Diana was naturally curious, and every morning as she read the paper, she would dig in to learn more about new developments that might impact her community, said her son Steve.

“Every day she would want to know. She would investigate,” he said. “She would be kind of a sleuth in some respects.”

It was never something she would have been interested in being paid for, he added. She was content to be on the sidelines of organizations instead of leading as president. Diana’s work with the city was something she did “lovingly, and willingly and determinedly,” Steve said. Aside from attending meetings, Steve added that it was Diana’s connection to people that made her a strong person, one who also sought to find the good in all things.

“She always looked for the good in everything, no matter what,” he said. “It was always trying to make things better and find the good. That was her mission.”

Although John frequently took Diana to meetings around the city, he didn’t participate in that side of her life. The two performed music together during their 64-year marriage. Their shared love of music was one of the first things the city girl from the Chicago area and the farmer from rural Illinois learned about each other when they met in January 1954. Their first date was to a senior dance at the University of Illinois.

“What I cherish about her was not only the music, but the feeling that went with it,” John said of their marriage.

Their birthdays were a day apart.

John supported Diana’s quest to better the city of Denver, just as she had spent years supporting him through a master’s degree and later a doctorate program at the University of Denver.
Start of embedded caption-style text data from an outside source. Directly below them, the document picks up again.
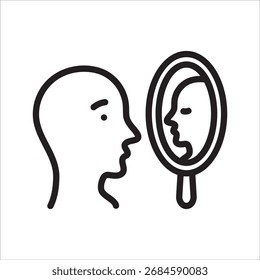 Self Reflection simple line icon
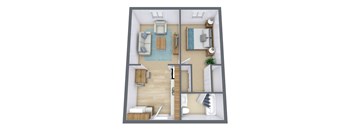 A 3D floor plan of a small apartment with a living room, kitchen, and bathroom.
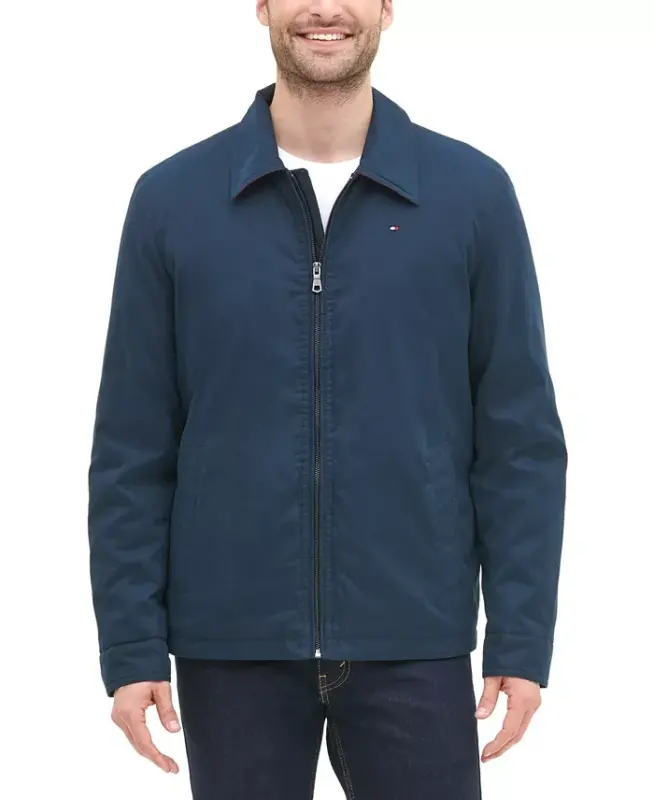 Men's Lightweight Full Zip-Front Jacket -Navy - 2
Their “rock-solid” partnership was the glue that held them together, said Steve. He added that their mutual love of wit and humor brought joy to the family.

“There was a lot of wit and a lot of word play,” Steve said. “I think it’s a quality that certainly has been a part of their very successful marriage.”

A love of words

For more than 30 years, Helper has been a contributing writer to the Profile, writing the monthly column “Helper Here and Now.” Her columns also have run more recently in Life on Capitol Hill.

“I don’t remember a time before Diana Helper,” said Councilmember Paul Kashmann, who began working at the Profile shortly after it was founded in 1978. He took over as owner in 1983, the same year Helper began to write monthly columns for the paper. Her column, then called “University Park News and Views,” helped raise the profile of the neighborhood, Kashmann said.

In the past several months, Helper’s columns began to focus more on sustainability. Going green was her new passion project, and she participated in sustainability groups in the INC and UPCC. She also helped with community outreach on the topic at the United Methodist Church in University Park.

After Kashmann left the Profile and was elected to Denver City Council in 2015, he continued working with Helper, who he called a “tireless advocate” for city parks. Although she was passionate in fighting for what she believed in, Kashmann said Helper also was a great listener, even in her last weeks.

“She was as bright and on-point and energized as she ever has been,” he said. “She was a gentle person.”

“She was a steadfast, unique voice for her community. She had a love for words and puns and poetry and song. She was an integral part of a great project,” he added about Diana’s work at the Washington Park Profile.

A love of words was something Diana shared with her family. John and Steve began helping Diana go through her poetry collection while she was in hospice. It was something that helped the family focus on something other than her illness.

“You hear the phrase ‘unconditional love.’ That has substance to me now, it’s more than just the words,” John said. “I think it captures a lot of what we’ve experienced.”